---------- Dataset content

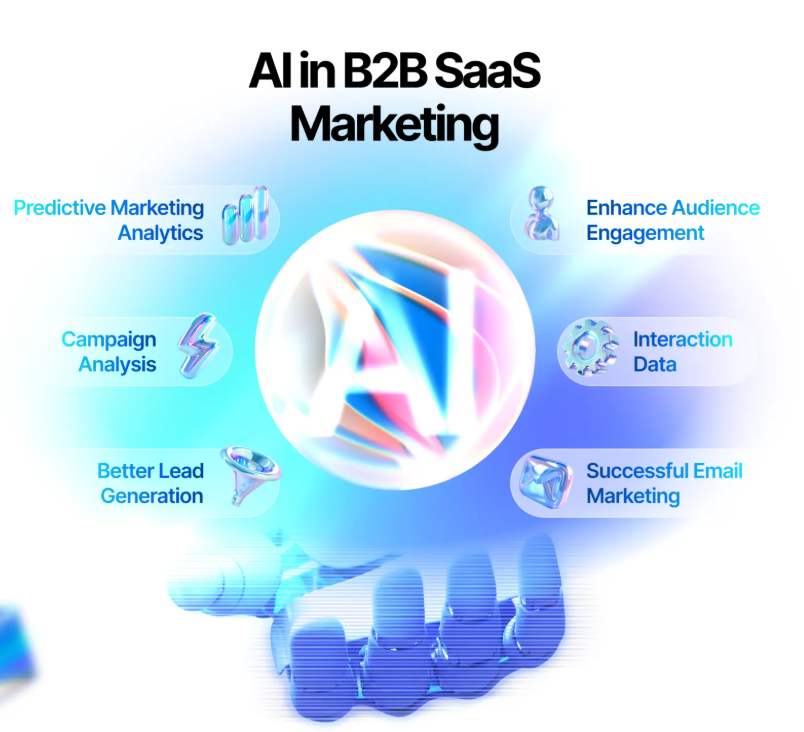 How Voice AI Bridges the Engagement Gap in B2B SaaS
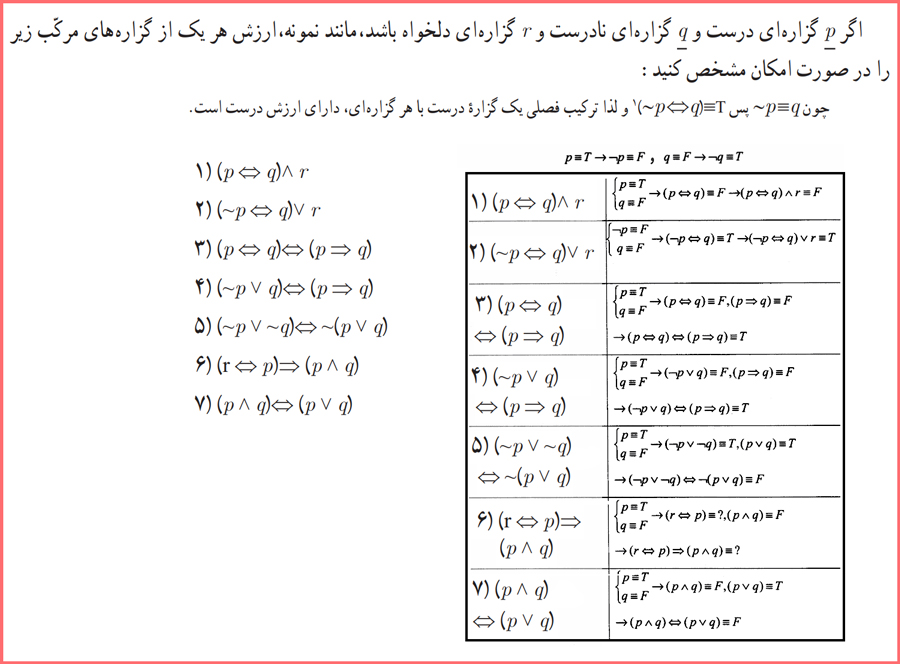 گام به گام صفحه 9 ریاضی یازدهم انسانی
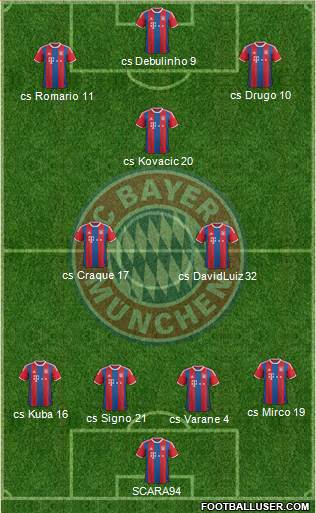 FC Bayern München Formation 2015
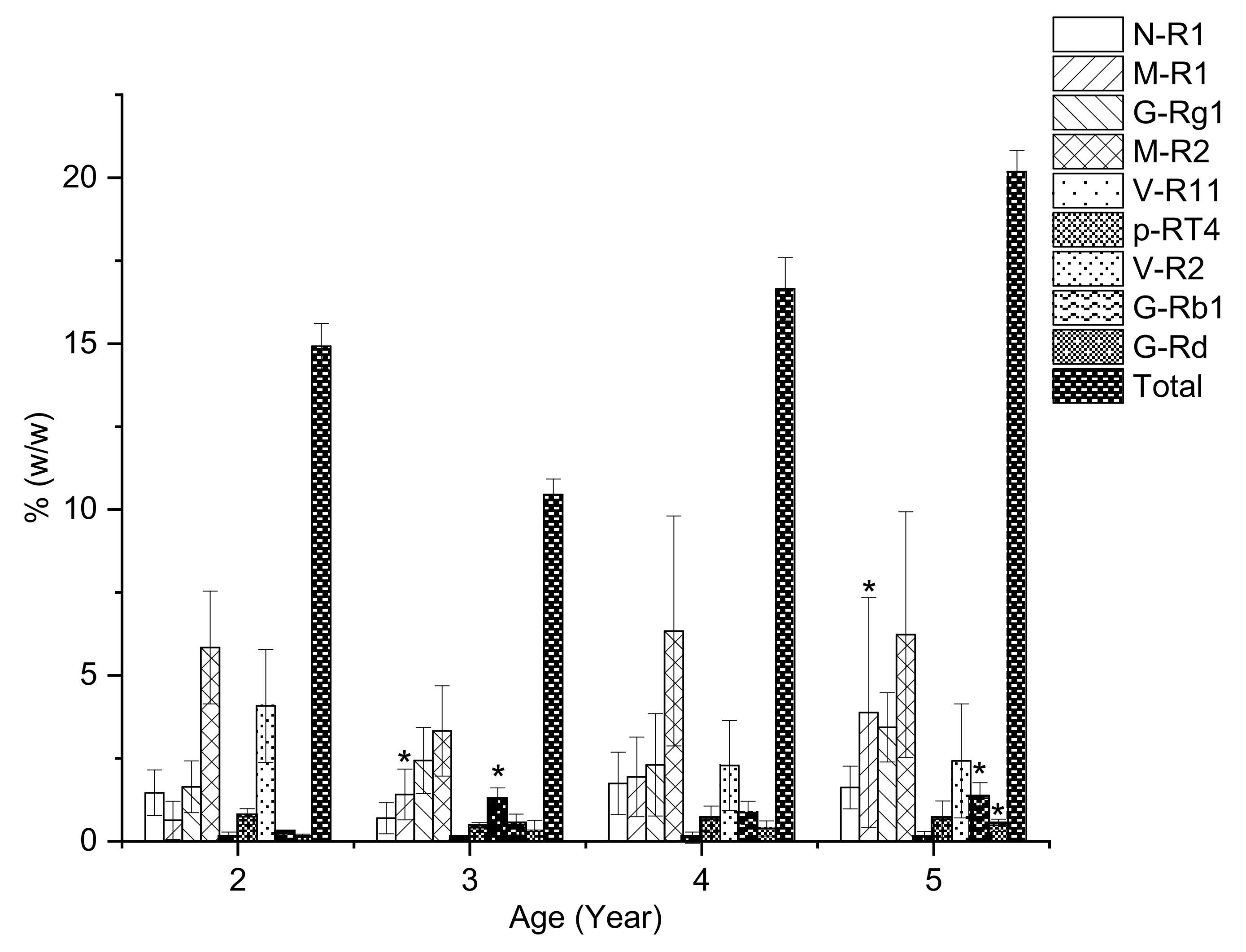 Molecules 26 05373 g004 Molecules 26 05373 g004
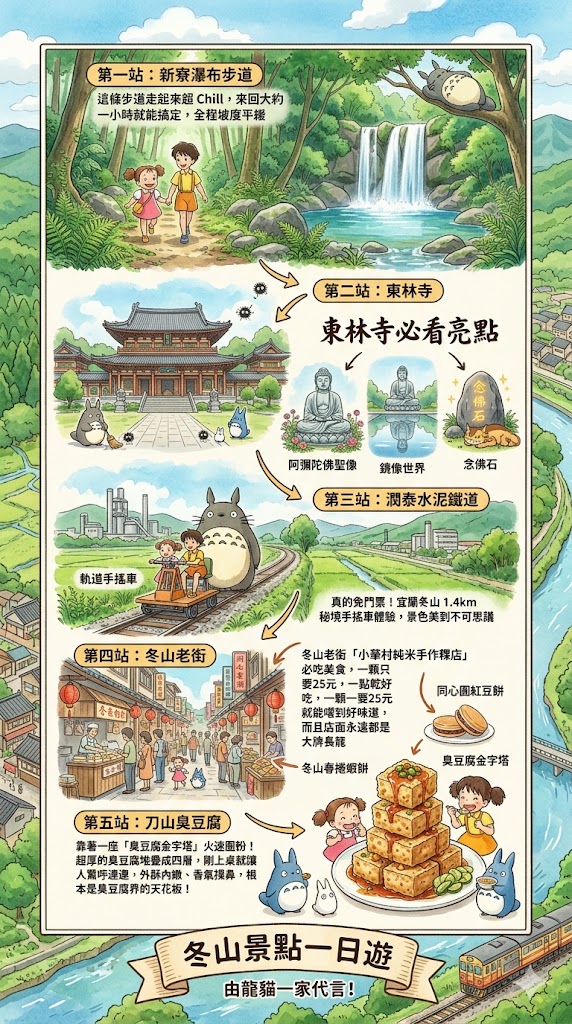 東林寺|比北后寺更安靜?冬山隱藏版鏡像大殿美翻了! @捲捲頭 ♡ 品味生活 東林寺|比北后寺更安靜?冬山隱藏版鏡像大殿美翻了! @捲捲頭 ♡ 品味生活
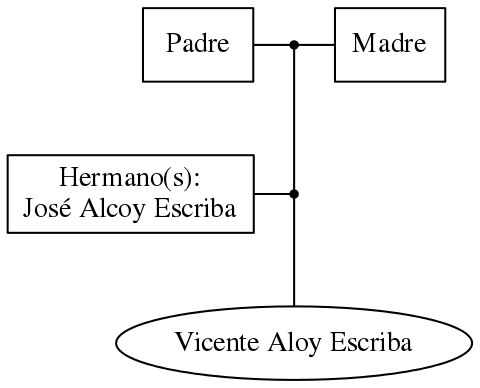 This is a graph with borders and nodes. Maybe there is an Imagemap used so the nodes may be linking to some Pages.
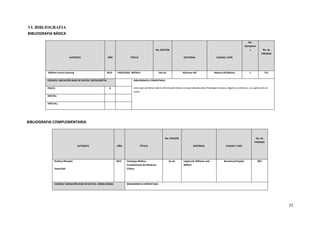 21
VI. BIBLIOGRAFIA
BIBLIOGRAFIA BÁSICA
AUTOR/ES AÑO TÍTULO
No. EDICIÓN
EDITORIAL CIUDAD / PAÍS
No.
Ejemplare
s No. de
PÁGINAS
William Francis Ganong 2013 FISIOLOGÍA MÉDICA 24a ed. McGraw-Hill México DF/México 1 751
CODIGO/ UBICACIÓN BASE DE DATOS: 2337612B2751 BIBLIOGRAFIA COMENTADA:
Libro que contiene toda la información básica y especializada sobre fisiología humana, órganos y sistemas, y su aplicación en
salud.
FISICO: X
DIGITAL:
VIRTUAL:
BIBLIOGRAFIA COMPLEMENTARIA
AUTOR/ES AÑO TÍTULO
No. EDICIÓN
EDITORIAL CIUDAD / PAÍS
No. de
PÁGINAS
Rodney Rhoades
David Bell
2012 Fisiología Médica.
Fundamentos de Medicina
Clínica.
4a ed. Lippincott Williams and
Wilkins
Barcelona/España 823
CODIGO/ UBICACIÓN BASE DE DATOS: 2058612R3461 BIBLIOGRAFIA COMENTADA:
 
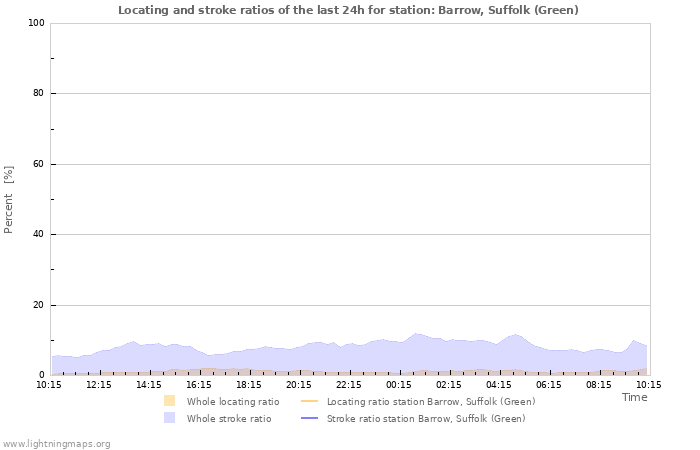 Grafikonok: Locating and stroke ratios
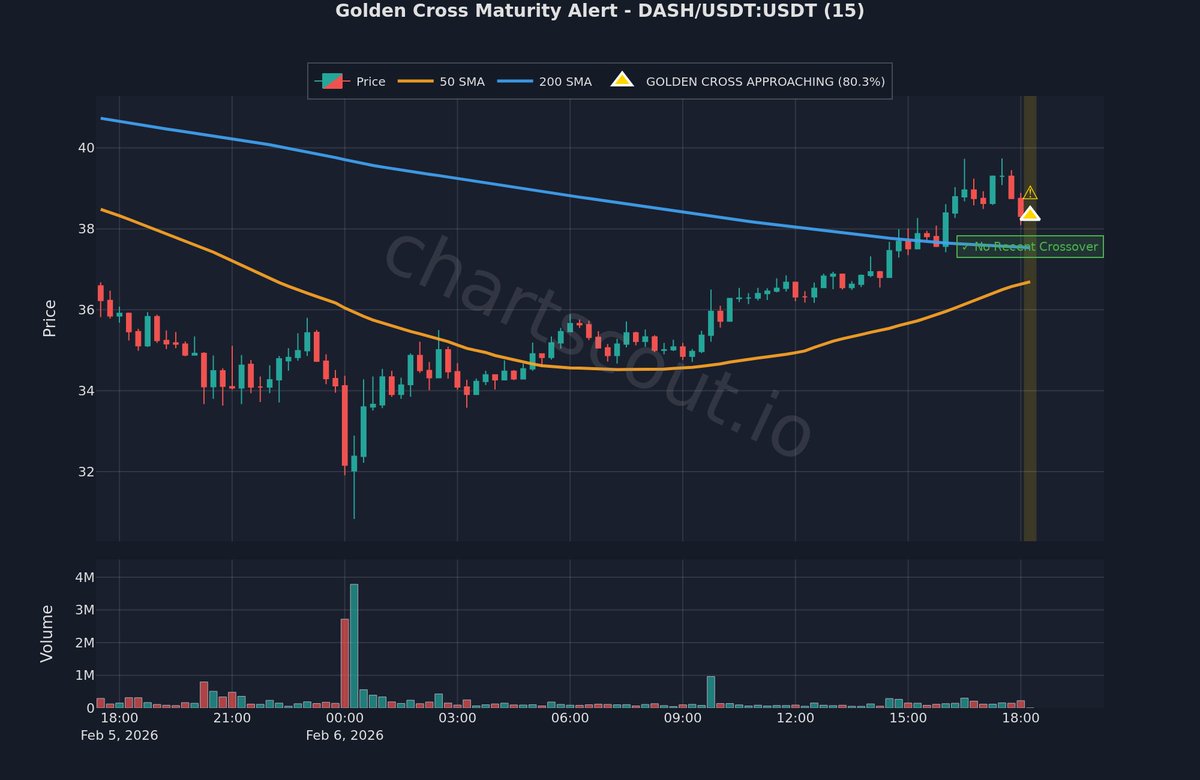 ChartScout_bot's tweet image. ⚡ MA cross detected—monitor closely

--------------------

● Exercise description: Using the data above, copy exactly the lines from the one containing "گام به گام صفحه 9 ریاضی یازدهم انسانی" to the one containing "Barcelona/España 823", inclusive. Exclude the pictures.

● Response:
 گام به گام صفحه 9 ریاضی یازدهم انسانی
 FC Bayern München Formation 2015
 Molecules 26 05373 g004 Molecules 26 05373 g004
 東林寺|比北后寺更安靜?冬山隱藏版鏡像大殿美翻了! @捲捲頭 ♡ 品味生活 東林寺|比北后寺更安靜?冬山隱藏版鏡像大殿美翻了! @捲捲頭 ♡ 品味生活
 This is a graph with borders and nodes. Maybe there is an Imagemap used so the nodes may be linking to some Pages.
 21
VI. BIBLIOGRAFIA
BIBLIOGRAFIA BÁSICA
AUTOR/ES AÑO TÍTULO
No. EDICIÓN
EDITORIAL CIUDAD / PAÍS
No.
Ejemplare
s No. de
PÁGINAS
William Francis Ganong 2013 FISIOLOGÍA MÉDICA 24a ed. McGraw-Hill México DF/México 1 751
CODIGO/ UBICACIÓN BASE DE DATOS: 2337612B2751 BIBLIOGRAFIA COMENTADA:
Libro que contiene toda la información básica y especializada sobre fisiología humana, órganos y sistemas, y su aplicación en
salud.
FISICO: X
DIGITAL:
VIRTUAL:
BIBLIOGRAFIA COMPLEMENTARIA
AUTOR/ES AÑO TÍTULO
No. EDICIÓN
EDITORIAL CIUDAD / PAÍS
No. de
PÁGINAS
Rodney Rhoades
David Bell
2012 Fisiología Médica.
Fundamentos de Medicina
Clínica.
4a ed. Lippincott Williams and
Wilkins
Barcelona/España 823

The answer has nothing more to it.